Minha opinião é a seguinte:
Creio que todos cometemos muitos equívocos ao longo dos anos em relação ao recolhimento dos direitos autorais por execução de obras lítero-musicais. Talvez pela ignorância dos ministros do STF e do STJ, no que diz respeito aos direitos autorais, o ECAD vem colecionando incontáveis vitórias no campo judicial.É que a Lei n. 5.988/73, derrogada pela Lei n. 9.610/98 - "Art. 115. Ficam revogados os arts. (...); 5.988, de 14 de dezembro de 1973, excetuando-se o art. 17 e seus §§ 1º e 2º; (...)" - prescrevia em seu Art.115 que: " Art. 115. As associações organizarão, dentro do prazo e consoante as normas estabelecidas pelo Conselho Nacional de Direito Autoral, um Escritório Central de Arrecadação e Distribuição dos direitos relativos à execução pública, inclusive através da radiodifusão e da exibição cinematográfica, das composições musicais ou litero-musicais e de fonogramas. § 1º O Escritório Central de Arrecadação e Distribuição que não tem finalidade de lucro, rege-se por estatuto aprovado pelo Conselho Nacional de Direito Autoral. § 2º Bimensalmente o Escritório Central de Arrecadação e Distribuição encaminhará ao Conselho Nacional de Direito Autoral relatório de suas atividades e balancete, observadas as normas que este fixar. § 3º Aplicam-se ao Escritório Central de Arrecadação e Distribuição, no que couber, os artigos 113 e 114." E os arts. 113 e 114 dispunham, respectivamente: " Art. 113. A escrituração das associações obedecerá às normas da contabilidade comercial, autenticados seus livros pelo Conselho Nacional de Direito Autoral.

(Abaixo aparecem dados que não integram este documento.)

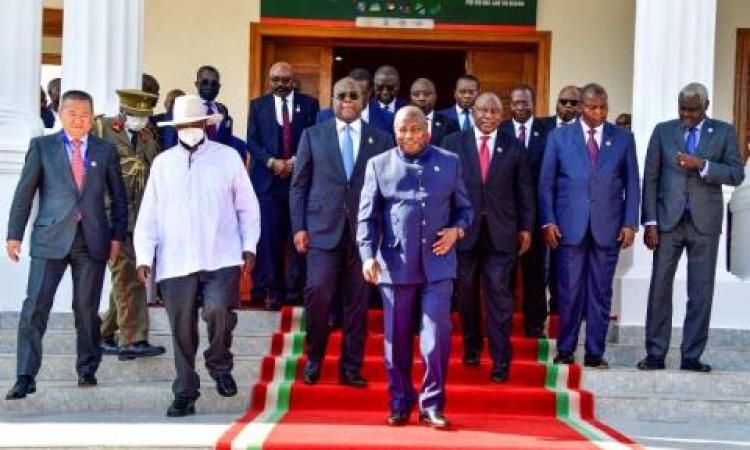 President Evariste Ndayishimiye welcomes President Museveni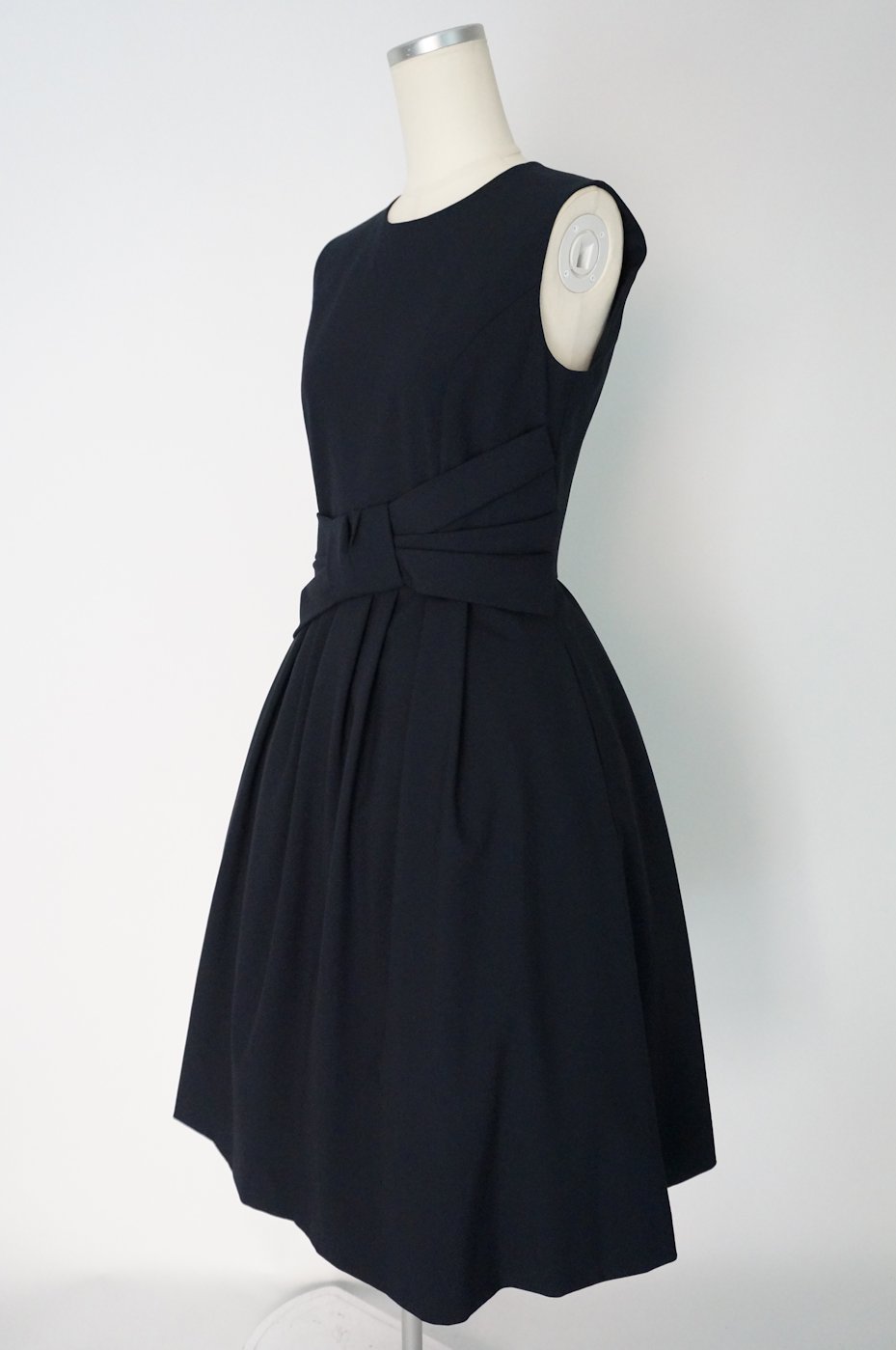 フォクシー サッシュベルトデザインのドレス ネイビー38 / レンタル 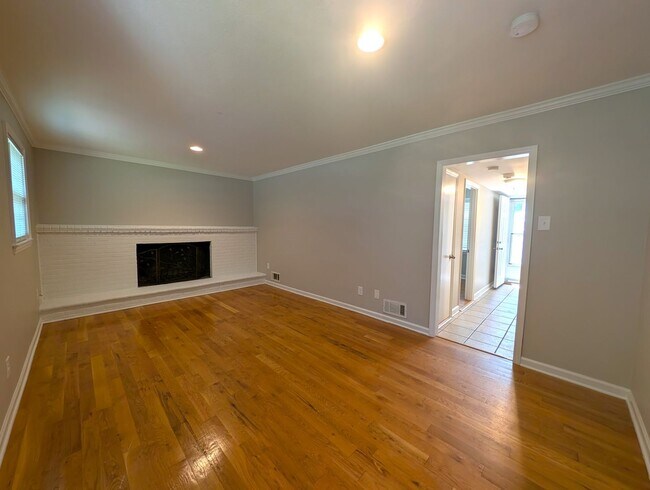 Building Photo - Charming split level home located in the Spring Valley Community in the South Park area of Charlo...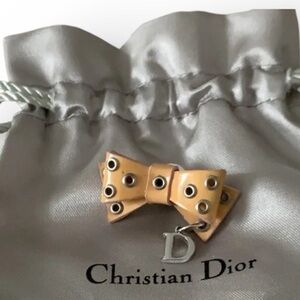 COMING SOON
Dior Vintage Bow Ring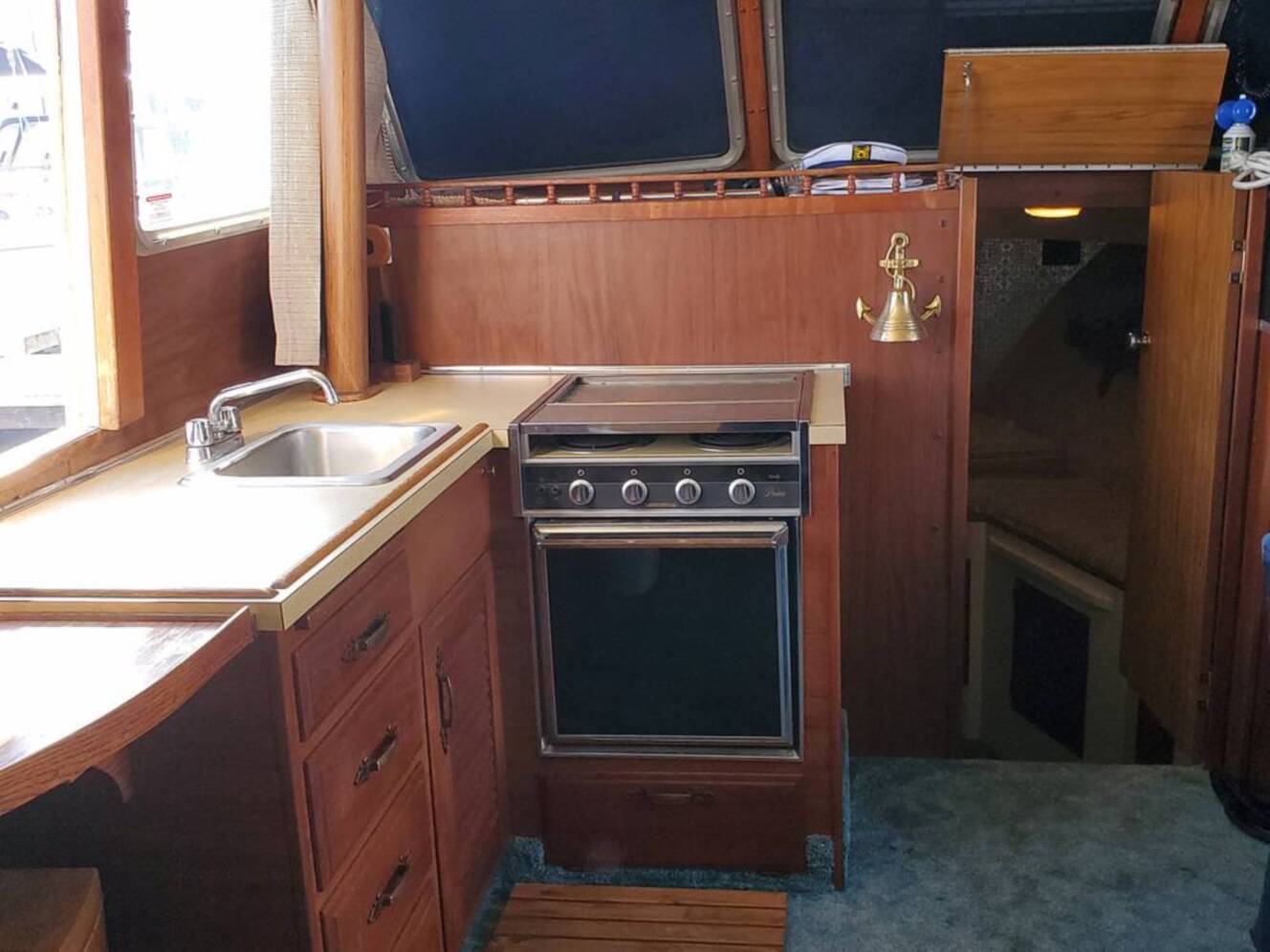 A photo of this 1981 Tollycraft 34 Tri-Cabin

Art. 114. As associações estão obrigadas, em relação ao Conselho Nacional de Direito Autoral, a: I - informá-lo, de imediato, de qualquer alteração no estatuto, na direção e nos órgãos de representação e fiscalização, bem como na relação de associados ou representados, e suas obras; II - Encaminhar-lhe cópia dos convênios celebrados com associações estrangeiras, informando-o das alterações realizadas; III - Apresentar-lhe, até trinta de março de cada ano, com relação ao ano anterior: a)relatório de suas atividades; b) cópia autêntica do balanço; c) relação das quantias distribuídas a seus associados ou representantes, e das despesas efetuadas;
IV - prestar-lhe as informações que solicitar, bem como exibir-lhe seus livros e documentos." Percebe-se, facilmente, que: 1. O ECAD NÃO FOI CRIADO POR LEI (Lei n. 5.988/73), como faz crer até hoje; 2. O ECAD ERA FISCALIZADO pelo Conselho Nacional de Direito Autoral (CNDA), extinto pelo Governo Collor e não mais reativado. Assim, sem nenhuma fiscalização, o ECAD vem fazendo a "festa". Tanto a Lei n. 5.988/73 como a atual Lei n. 9.610/98 sempre deixaram expresso que somente ao autor cabe o direito exclusivo de utilizar, fruir e dispor da obra literária, artística ou científica, dependendo de prévia e expressa autorização do autor a utilização da obra, por quaisquer modalidade (Arts. 28 e 29 da Lei n. 9.610/98), seguindo as disposições constitucionais. Ademais, o próprio Estatuto do ECAD (Art. 3º, § 3º) deixa nítido que este somente detém legitimidade de representação de SEUS ASSOCIADOS. Portanto, dizer-se que o ECAD tem legitimidade para representar TODOS os autores de obras intelectuais indiscriminadamente e indistintamente, inclusive agindo como "substituto processual" é uma ABERRAÇÃO JURÍDICA. Ao meu sentir, o ECAD NÃO TEM NEM LEGITIMIDADE E NEM ESTÁ LEGALMENTE CONSTITUÍDO para agir em nome dos autores nacionais e muito menos estrangeiros. Há que se questionar nos Tribunais Superiores essas questões, visto que as decisões até então proferidas ESTÃO TOTALMENTE EQUIVOCADAS E DESATUALIZADAS. Os recolhimentos dos direitos autorais efetuados pelo ECAD em nome de terceiros não pertencentes às associações que o integram é, no mínimo, CRIME DE APROPRIAÇÃO INDÉBITA. Temos que ajuizar ações nesse sentido em TODO O PAÍS URGENTEMENTE, pois o Judiciário não pode continuar "conivente", por ignorância legal, com as aberrações e ilicitudes cometidas pelo ECAD.
ARAL CARDOSO (Campo Grande-MS)

Val disse:
05 de setembro de 2007 às 10:14

Bom dia,

Por favor, tenho uma empresa onde presto serviços musicais e mensalmente recebo direitos autorais musicas,esse valor sobre a tributação de iss, existe alguma lei onde posso me assegurar e não sofrer a essa tributação. Minha empresafica em São Paulo.